荒井 お客さんの表情を確かめながら演奏していたところはありますね。1曲を通してフルで楽曲を演奏していくときには、お客さんも構えているというか、その楽曲のストーリーにしっかりと気持ちを乗せて聴いてくれている感じがあるんですけど、メドレーは次に何がくるかわからない状況の中でどんどん曲が続くので、お客さんの表情にそのときの感情がダイレクトにパッと出ている気がしたんですよ。「この曲が聴けてうれしい」という場合だと、隣の人と顔を見合わせて「キタ!」という感じになっていたり、「この曲なんだっけ?」って素の表情になってたり、お客さんの感情の動き方がすごく面白くて。お客さんが楽しそうだと「やってよかった」とテンションが上がるし、ちょっとポカーンとしている感じだと「もしかしたらこの曲を知らないかもしれないけど、好きになってもらえたらうれしいな」という気持ちになる。こっちもすごい勢いで感情が動いていて、それがすごく楽しかったんですよね。
──それは面白いですね。
荒井 1曲まるっと演奏すると、Aメロ、Bメロがあって、サビで盛り上がることが多いじゃないですか。メドレーだと、その曲のいいところをつないでいくので、その瞬間瞬間で100%の盛り上がりが連続していくみたいな、お客さんの感情のグラフが見えた気がして。どの瞬間も夢中になって、いい感情だけを感じてもらえたんじゃないかなと思っています。
ちゃんと本当のことを話したいなという気持ちになった
──片岡さんは本編ラストでかなり長いMCをしましたね。バンドが4人から3人になってもうsumikaを辞めようかと一時は思ったこと、それでも続けていくと決めたことを話して。それから「あなたはあなたの“好き”を守り通してください」というメッセージを送りました。
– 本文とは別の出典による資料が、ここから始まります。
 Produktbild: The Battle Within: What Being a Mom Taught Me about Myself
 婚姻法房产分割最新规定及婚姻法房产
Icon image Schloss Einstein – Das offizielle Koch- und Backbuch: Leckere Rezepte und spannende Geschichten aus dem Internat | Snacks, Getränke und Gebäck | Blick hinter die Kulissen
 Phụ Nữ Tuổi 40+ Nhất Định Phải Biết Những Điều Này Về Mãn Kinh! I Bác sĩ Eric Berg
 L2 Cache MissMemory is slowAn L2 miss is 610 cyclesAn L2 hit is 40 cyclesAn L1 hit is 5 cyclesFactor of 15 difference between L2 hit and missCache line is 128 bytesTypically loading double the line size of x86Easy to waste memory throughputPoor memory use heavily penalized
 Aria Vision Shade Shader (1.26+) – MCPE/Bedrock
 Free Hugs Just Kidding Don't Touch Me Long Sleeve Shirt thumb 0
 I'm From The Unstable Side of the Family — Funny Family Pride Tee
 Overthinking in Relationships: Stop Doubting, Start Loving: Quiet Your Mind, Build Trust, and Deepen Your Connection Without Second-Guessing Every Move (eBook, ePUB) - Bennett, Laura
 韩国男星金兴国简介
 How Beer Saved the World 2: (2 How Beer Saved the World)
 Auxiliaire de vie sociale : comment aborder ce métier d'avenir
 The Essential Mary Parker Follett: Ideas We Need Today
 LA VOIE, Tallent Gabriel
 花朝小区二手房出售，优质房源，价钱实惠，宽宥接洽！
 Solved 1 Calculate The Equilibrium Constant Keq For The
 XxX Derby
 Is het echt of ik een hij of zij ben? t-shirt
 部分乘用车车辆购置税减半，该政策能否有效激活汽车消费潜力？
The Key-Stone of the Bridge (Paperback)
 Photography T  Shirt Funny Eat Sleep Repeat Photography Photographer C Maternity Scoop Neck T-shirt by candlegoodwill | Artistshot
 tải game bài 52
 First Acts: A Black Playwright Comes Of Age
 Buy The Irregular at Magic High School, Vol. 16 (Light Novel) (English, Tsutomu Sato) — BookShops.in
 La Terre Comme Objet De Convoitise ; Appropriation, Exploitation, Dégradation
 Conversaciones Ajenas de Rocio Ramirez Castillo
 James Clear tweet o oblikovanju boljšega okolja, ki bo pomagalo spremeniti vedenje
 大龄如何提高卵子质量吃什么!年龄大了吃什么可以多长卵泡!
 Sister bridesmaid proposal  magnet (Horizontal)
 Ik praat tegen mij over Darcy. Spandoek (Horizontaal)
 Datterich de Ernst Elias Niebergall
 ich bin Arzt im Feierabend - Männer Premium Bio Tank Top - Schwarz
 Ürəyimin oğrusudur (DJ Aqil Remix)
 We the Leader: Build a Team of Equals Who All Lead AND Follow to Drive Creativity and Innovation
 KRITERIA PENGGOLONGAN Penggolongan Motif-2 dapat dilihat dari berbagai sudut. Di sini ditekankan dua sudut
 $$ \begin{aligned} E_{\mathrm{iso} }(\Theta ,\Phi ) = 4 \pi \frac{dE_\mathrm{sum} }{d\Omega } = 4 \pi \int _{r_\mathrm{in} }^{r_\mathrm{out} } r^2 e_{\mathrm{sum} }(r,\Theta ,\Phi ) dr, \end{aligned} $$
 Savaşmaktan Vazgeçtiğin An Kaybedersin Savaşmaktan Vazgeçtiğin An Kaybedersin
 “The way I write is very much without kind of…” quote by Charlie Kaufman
ここ2、3年の心境について、公の場であれだけ赤裸々に話したのは初めてだったと思うんですが、あの話はこのツアーで言おうと決めていたことですか?
片岡 はい。「FLYDAY CIRCUS」(2023年2月~4月開催)と去年の「SING ALONG」(2023年10月~2024年9月開催)はもともと4人でいたときから予定していたツアーで。4人で企画立案したものを3人でやった形でした。3人でゼロから立ち上げたのは去年のファンクラブのツアーが初めてだったんですけど、メンバーの体調が整わず、「“片岡健太とバンドマン”ツアー(仮)」という謎のツアーになって。あれはイレギュラーオブイレギュラーだとして、3人がちゃんといる状態でゼロから立ち上げたツアーは今回が初めてだったんです。そういうものじゃないと、4人のときを振り返る資格がないなと個人的には思っていて。だからようやく話せるというか、リスナーに向けて直接話せば伝わるだろうなという信頼感があった。この考え方はちょっと古いのかもしれないですけど、ライブではテキストだけではない、画像だけではない、可視化できない空気感も含めて「伝えた」「伝わった」ということが成立すると僕は思っているんです。僕はミュージシャンなので、ライブで音楽を聴いてもらったうえで伝えるのがたぶん一番嘘なく伝わるところだと信じていたから、sumikaの会場に来てくださる選択をしてくれた方の前でちゃんと本当のことを話したいなという気持ちになって、ああいったMCをしたという流れがあります。
僕らのリアルな表情を楽しんでいただけたら
──最後に、WOWOWでの放送・配信を観られる方に、メッセージをぜひ。
荒井 自分たちのやりたいことを詰め込めたツアーだったし、ファイナルもすごくいいライブだったなと今でも思えています。ステージのいろんなところでいろんなことが起こっているので、映像を通して自分の好きなところにフォーカスしつつ、ほかの場所も気にして見たり聴いたりしてもらえると、「ここでこんなことが起きてたんだ」「こんな音が鳴ってたんだ」ということがけっこうあるんじゃないかなと。「今のsumikaはこういう感じなんですよ」ということを伝えられるライブだと思うので、放送を観て、これから先のsumikaを楽しみにしてもらえたらいいなと思っています。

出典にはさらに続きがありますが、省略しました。